Weill buscaba un punto de unión entre la fe y la razón, tenía hambre de Dios y de trascendencia, pero no a cualquier precio. Para Albert Camus (autor de “El extranjero”, enorme hombre moral), en más de un siglo Occidente no había producido un pensamiento tan penetrante y sólido como el de ella. Sin embargo, no era solo pensamiento. Durante la guerra se enroló en la Resistencia y, desde Londres, pidió ser lanzada en paracaídas para combatir por la libertad de su país y del continente. No se le permitió hacerlo porque su estado de salud era ya precario y se le pidió que dedicara su tiempo a escribir, a dejar sentadas sus valiosas y necesarias ideas. Mientras lo hacía, se negó a comer un gramo más de lo que era la ración de un prisionero en su Francia. No tenía derecho a estar mejor alimentada que ellos, decía. Así murió. Se la considera mártir. Y mística. Fue, en cuerpo, mente y alma, un faro moral.

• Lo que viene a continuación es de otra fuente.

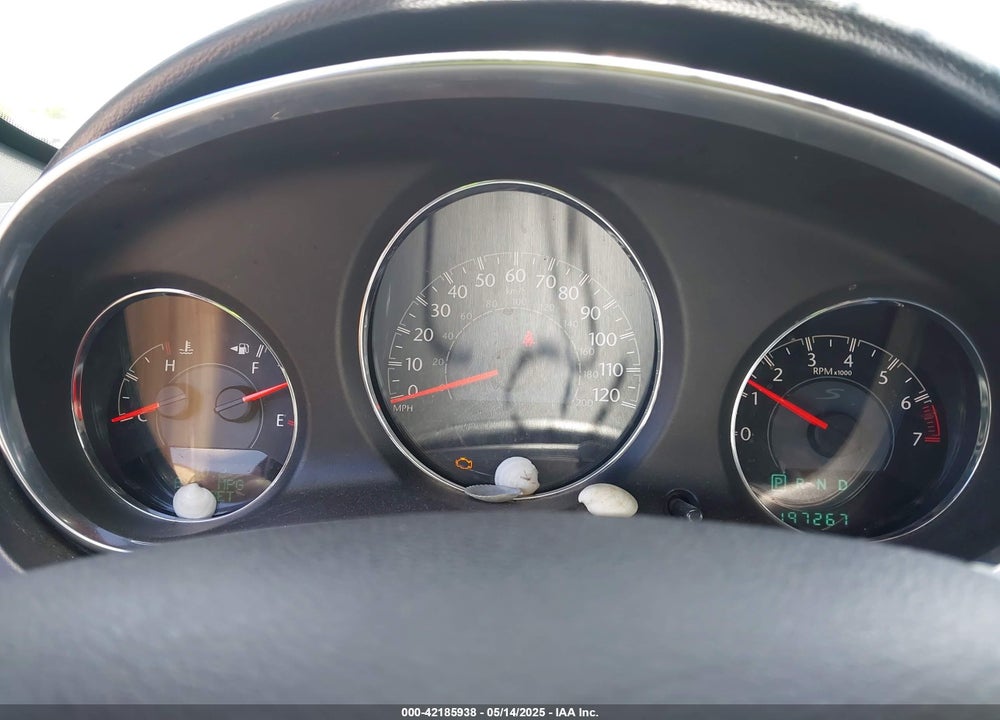 2014 CHRYSLER 200 TOURING VIN: 1C3CCBBG1EN117062
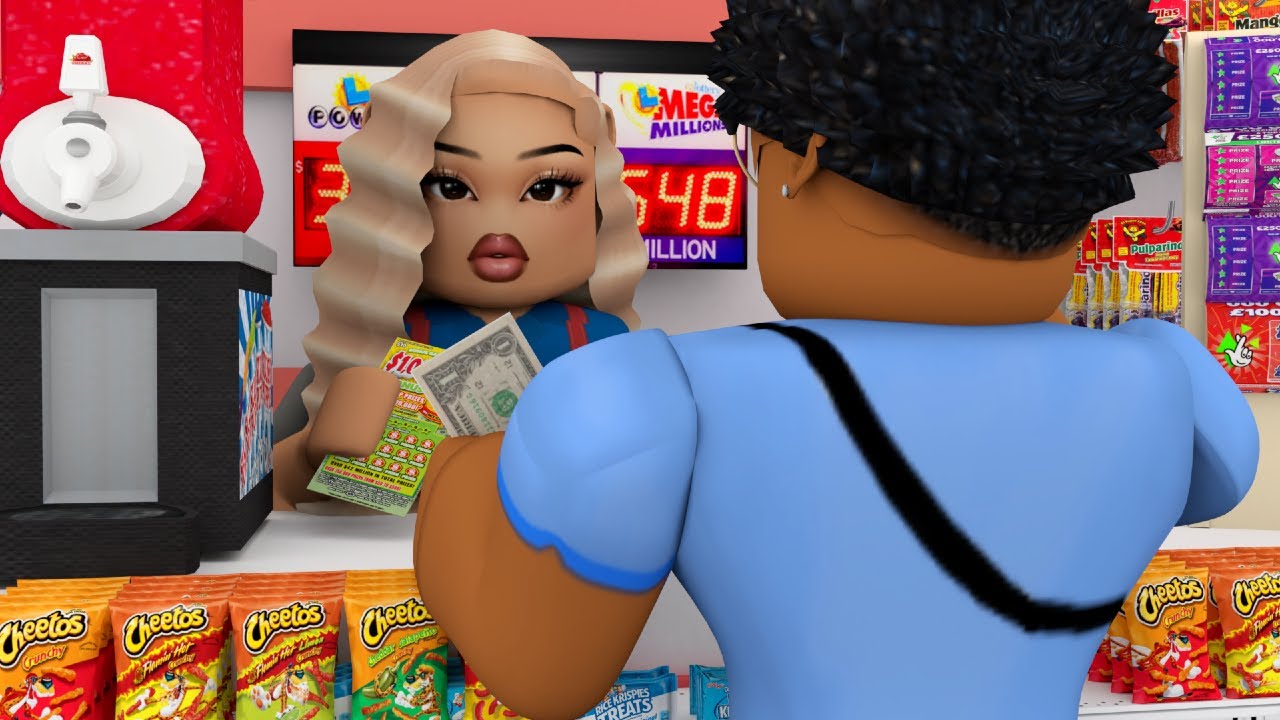 TWINS LAST Day OF SCHOOL! *WE WON THE LOTTERY..CHAOTIC* Roblox Bloxburg Roleplay
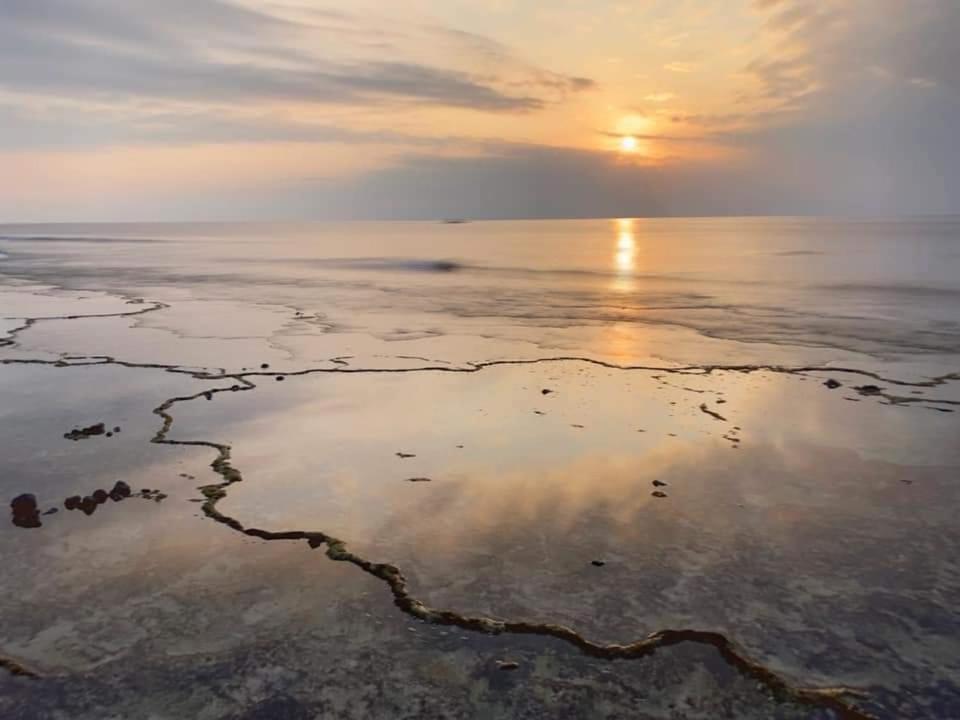 Sanasai Inn Lyudao Buitenkant foto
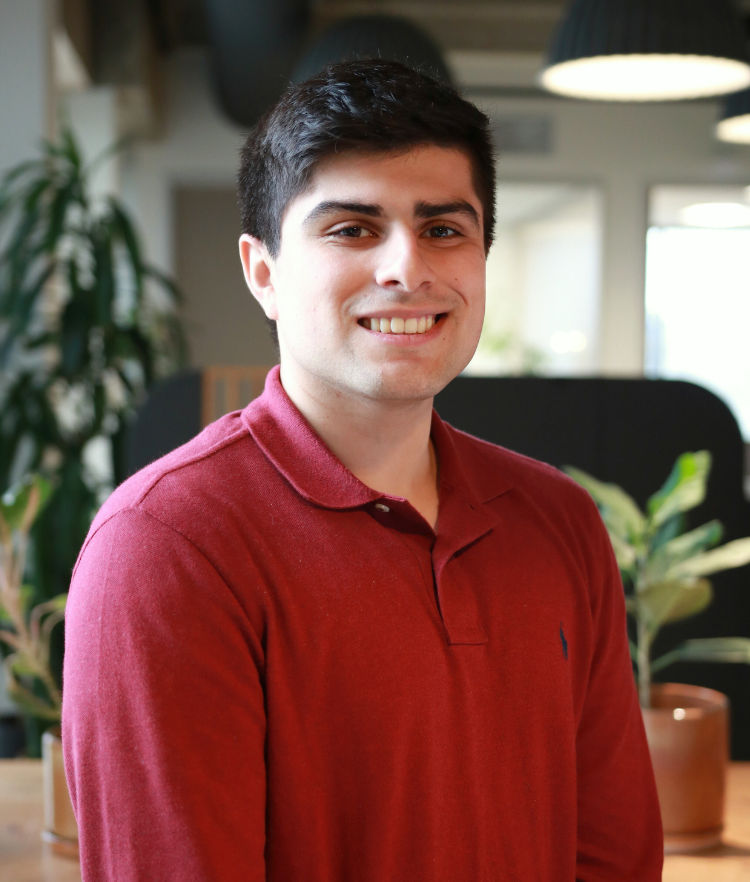 Angel Arellano, Singleton Schreiber Photo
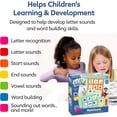 thumbnail image 3 of Alphablocks Matchums Learning Game, 3 of 4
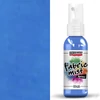 Pentart spray vopsea textil , 50 ml - albastru deschis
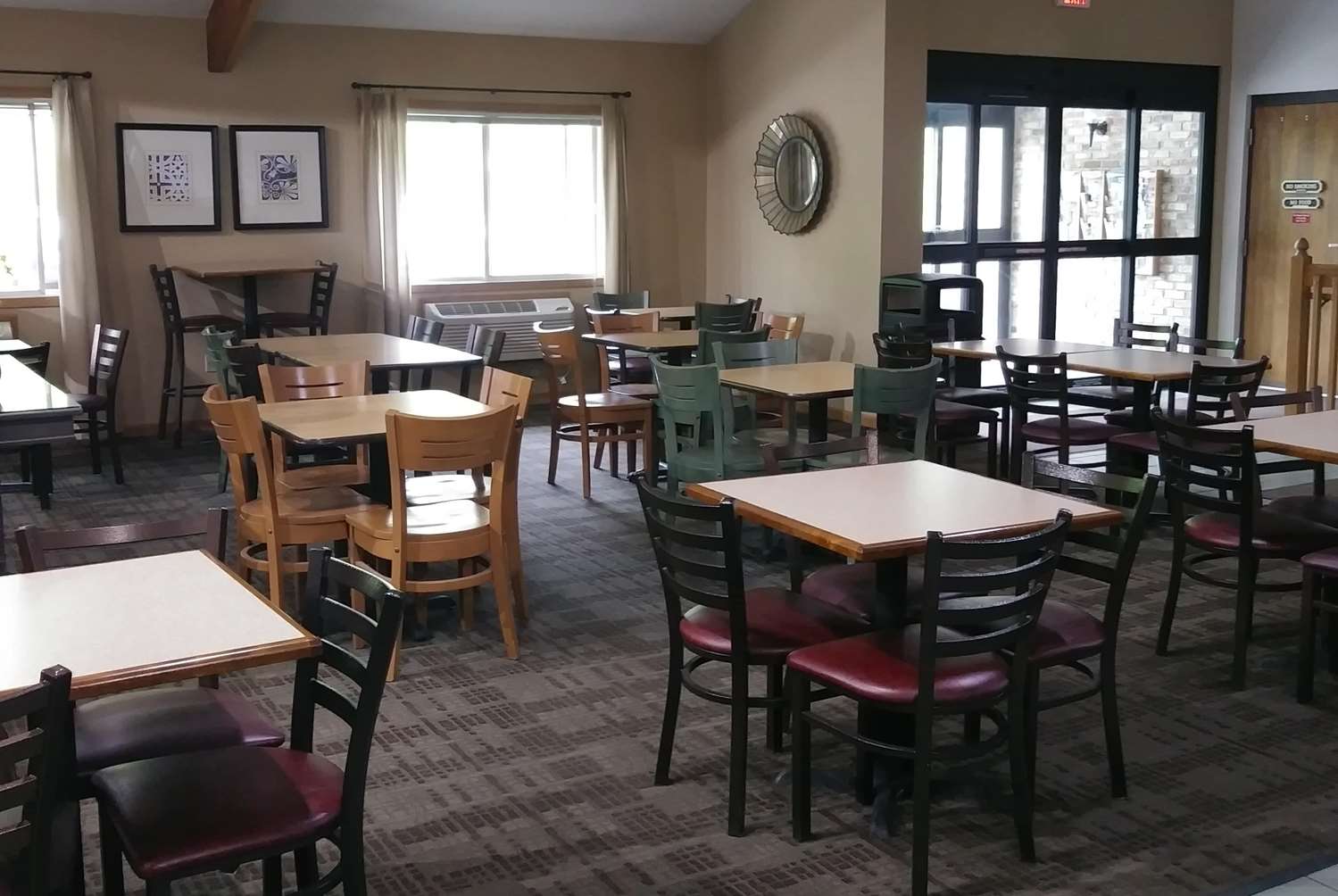 Americinn By Wyndham Red Wing 9/15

Cuando un individuo eleva la vista se encuentra a su alrededor con los que Weill llama “los demás hombres”. Y hacia todos esos seres humanos solo tiene deberes

Su recuerdo viene a cuento por la fuerza que cobró en nuestra sociedad, durante los últimos años, la palabra derechos. Se antepone a numerosas peticiones, se la incluye en temáticas variadas, se la enarbola como motivo y justificación de distintas conductas (incluso algunas extorsivas o violentas). Simone Weill, cuyos escritos recopilados en forma póstuma se convirtieron en libros como “La gravedad y la gracia”, “Raíces del existir”, “A la espera de Dios”, y otros, puso especial atención a este tema en un momento en que los derechos eran brutalmente arrasados en un mundo en llamas, y cuando aún no había una Declaración Universal de los Derechos Humanos, que recién se proclamaría en 1948, cinco años después de su muerte.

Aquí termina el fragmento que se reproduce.